Rev David Armstrong spoke out after attackers daubed UDA and UFF on St Mary’s Church in Limavady during an overnight attack on Monday.
Black paint was also thrown over a nearby cross bearing the image of Jesus.
Rev Armstrong was forced to leave Limavady with his wife and children by loyalists after exchanging Christmas greetings with his Catholic counterpart Fr Kevin Mullan in 1985.
He later retrained as a Church of Ireland minister and served in Co Cork before he retired.
Rev Armstrong suggested that Protestants should visit the church.
"It would not be a bad thing if on a Saturday night or Sunday morning that they would go to (the) church as a way of saying, ‘we not only say in words we don’t like what has been done, but by our presence - even if a token gesture - people will be able to see the people who wrote on the church don’t speak for us," he said.
He said Protestants from Limavady should distance themselves from the actions of the attackers.
“It’s up to Protestant people in Limavady to show their true selves at least by lifting the phone, writing a letter or going to speak to their Catholic neighbours to say what was done to your church does not represent me,” he said.
Rev Armstrong also described the paint attack on the cross “sacrilege”.

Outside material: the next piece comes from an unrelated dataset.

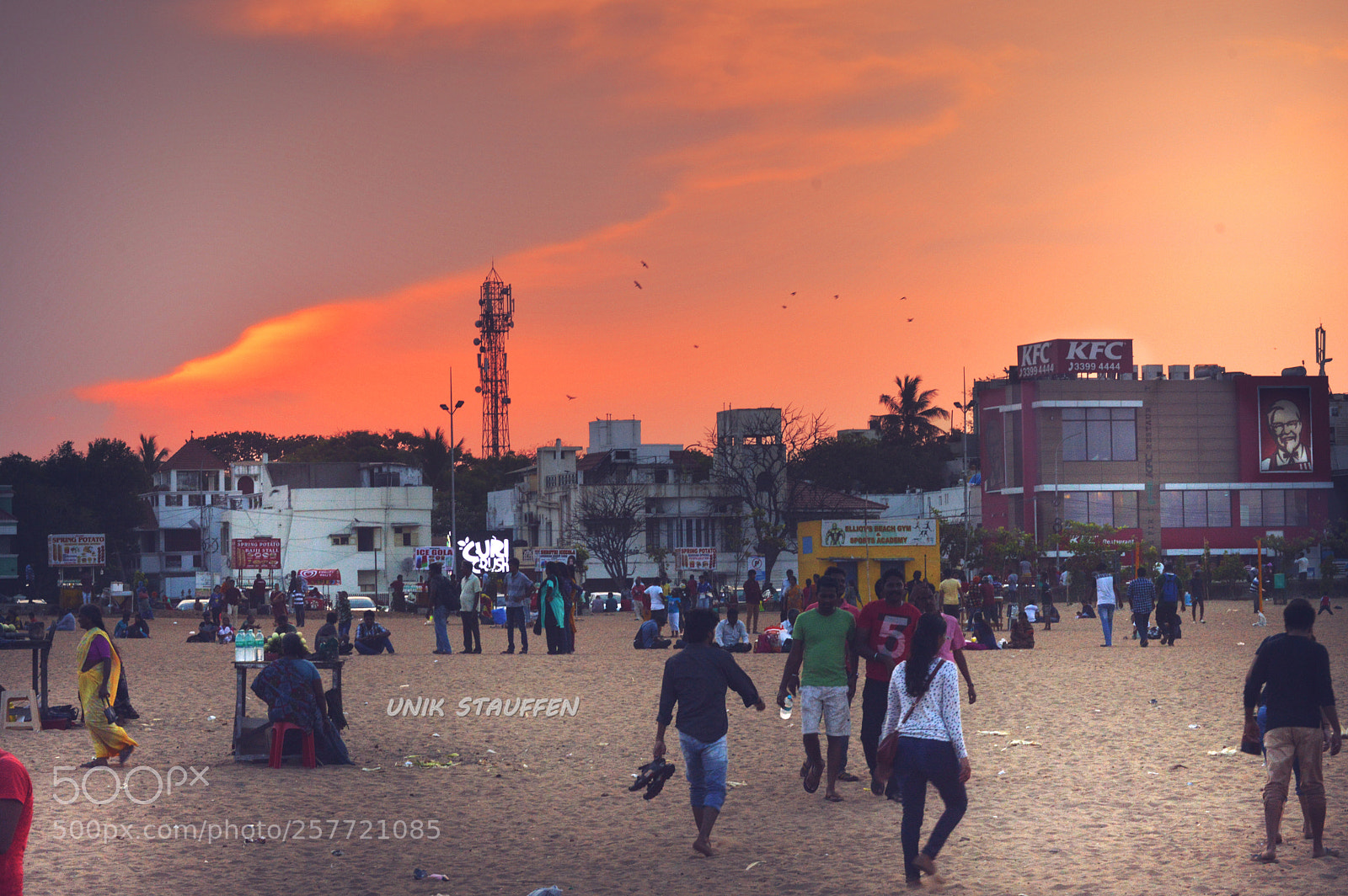 Nikon D3200 sample photo. Besant nagar photography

Secretary of the Evangelical Protestant Society Wallace Thompson also slammed those behind the attack.
“Those who daubed slogans on this church have no clue about the doctrinal differences between Protestantism and Roman Catholicism, nor do they care,” he said.
“They have no commitment to the great principles of civil and religious liberty.
“They are no better than the thugs who attacked Rasharkin Orange hall at the weekend.
“Whoever they are, they are the enemies of the Protestant cause.”